=== Material for the task ===

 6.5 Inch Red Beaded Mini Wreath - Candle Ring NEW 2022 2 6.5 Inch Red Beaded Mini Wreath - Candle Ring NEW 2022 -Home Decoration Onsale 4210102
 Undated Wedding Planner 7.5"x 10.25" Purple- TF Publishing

===
=== Material for the task ===

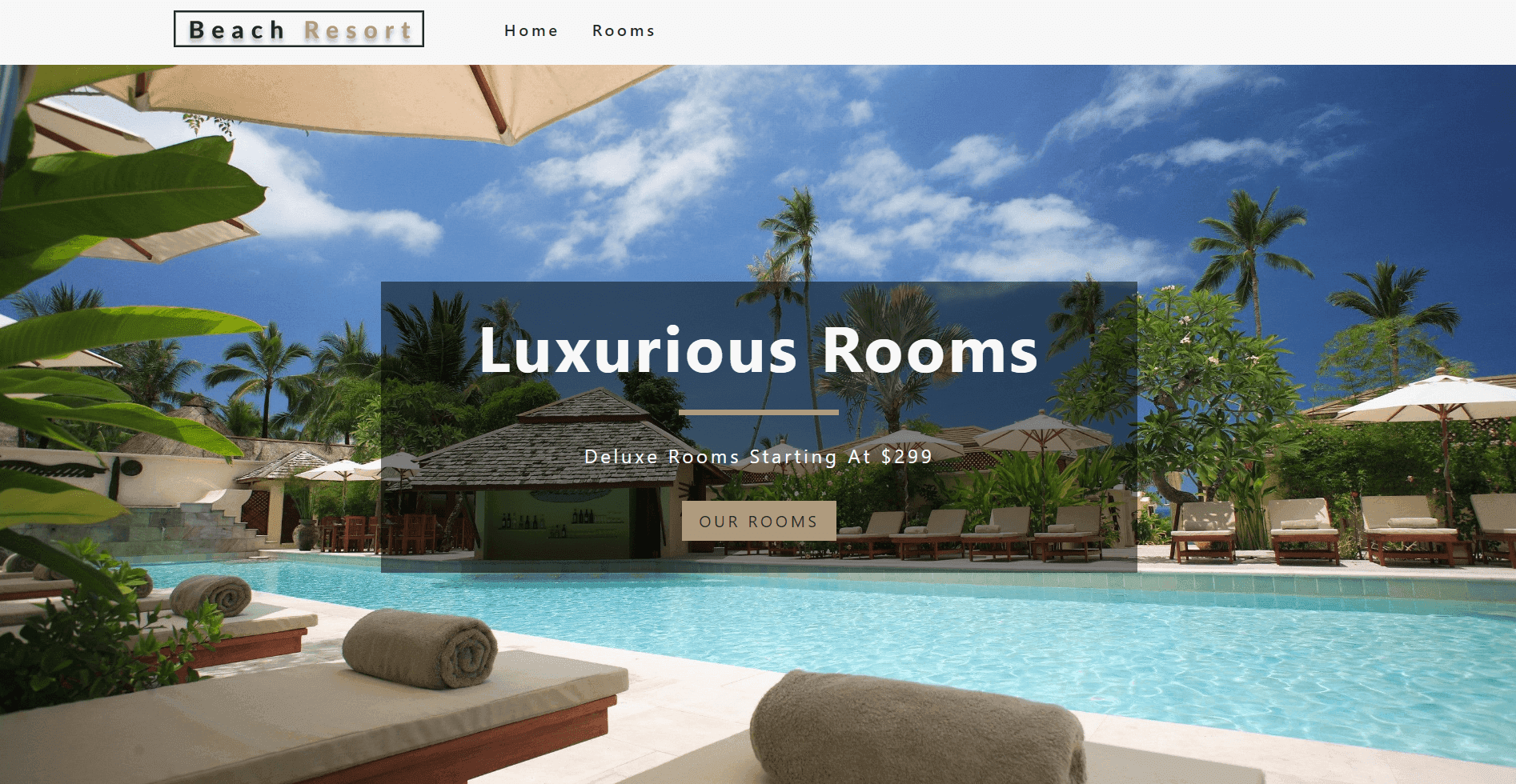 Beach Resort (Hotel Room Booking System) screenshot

===

# Task objective:
Every line above from the line with "Decoration Onsale 4210102" to the line with "Undated Wedding Planner" is wanted, ends included; write them out exactly and add no other line.

# Response to the task:
 6.5 Inch Red Beaded Mini Wreath - Candle Ring NEW 2022 2 6.5 Inch Red Beaded Mini Wreath - Candle Ring NEW 2022 -Home Decoration Onsale 4210102
 Undated Wedding Planner 7.5"x 10.25" Purple- TF Publishing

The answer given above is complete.